Por ejemplo, hace 200 años la Iglesia católica jugó un papel importantísimo en la creación del nuevo estado mexicano. No podemos entender dicha lucha sin considerar los intereses, el dinero, y los fueros eclesiásticos que estaban en juego frente a un cambio en la estructura de poder. La jerarquía religiosa de nuestro país, ante la promulgación de leyes liberales en España que ponían en peligro sus fueros eclesiásticos, prefirió sumarse a la cause de Independencia. De tal manera, el hecho de que una de las tres garantías del México independiente fuese la religión, declarando al catolicismo como la religión única dentro de la nueva nación.

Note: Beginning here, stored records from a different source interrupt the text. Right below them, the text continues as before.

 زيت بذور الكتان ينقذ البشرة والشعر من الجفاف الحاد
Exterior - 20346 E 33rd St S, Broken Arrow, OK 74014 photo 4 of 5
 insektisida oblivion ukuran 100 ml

Hoy, dos siglos después, la Iglesia encabeza una feroz lucha, en contra de las instituciones administrativas establecidas, para conservar y retomar cotos de poder que fueron perdiendo a lo largo del tiempo. El Estado mexicano, supuestamente laico desde hace 150 años, enfrenta un grave conflicto en este sentido, a tal grado que Marcelo Ebrard sienta la obligación de ir a Roma a acusar a los cardenales mexicanos con el mismísimo Papa.

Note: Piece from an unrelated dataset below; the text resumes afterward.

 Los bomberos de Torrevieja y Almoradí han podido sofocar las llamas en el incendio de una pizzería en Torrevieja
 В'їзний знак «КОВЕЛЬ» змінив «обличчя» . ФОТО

Por otra parte, la supuesta soberanía obtenida tras el reconocimiento de nuestra Independencia, no ha sido sino pisoteada una y otra vez, si bien no de la misma forma. Hace algunos siglos, mediante constantes invasiones a nuestro territorio. En las últimas décadas, mediante tratados de libre comercio e instrucciones del Fondo Monetario Internacional en materia de política económica.

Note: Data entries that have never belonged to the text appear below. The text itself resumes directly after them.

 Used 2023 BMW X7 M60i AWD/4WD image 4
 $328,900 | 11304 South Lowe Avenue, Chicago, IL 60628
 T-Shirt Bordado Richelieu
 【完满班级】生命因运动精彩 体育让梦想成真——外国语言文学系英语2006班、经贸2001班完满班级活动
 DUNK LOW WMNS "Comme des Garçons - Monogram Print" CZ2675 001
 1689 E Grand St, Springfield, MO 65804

Hace cien años, por su parte, una liberal y democrática revolución removió del poder a uno de los gobiernos más déspotas que había tenido este país, para reemplazarlo con uno igualmente autoritario. Se logró consolidar un aparato de gobierno que aglutinó, de manera dedocrática, a todos los sectores productivos e improductivos del país para conformar un partido que se adueño del aparato estatal por 70 años, con el pretexto de llevar el progreso y la modernidad a cada recóndito pueblo del país. Hace 10 años, no obstante, la transición a la democracia por fin tomó lugar (o eso dicen los especialistas), y el cambio se comenzó a hacer palpable: nuevas toallas en los Pinos anunciaban un brillante porvenir para nuestro México. Sin embargo, hoy nos damos cuenta que los mismos esquemas de corrupción, de represión y de injusticias, así como los procesos de empobrecimiento de muchos y enriquecimiento de pocos han seguido su curso sin que el color del partido en el poder altere su comportamiento.
No son estos, por supuesto, los únicos puntos a reflexionar cuando nos prestemos a gritar a los cuatro puntos cardinales que somos un país independiente y revolucionario. Sin embargo, pueden ser buenos puntos de partida para la discusión. ¿Qué celebramos, realmente, en el año del Bicentenario?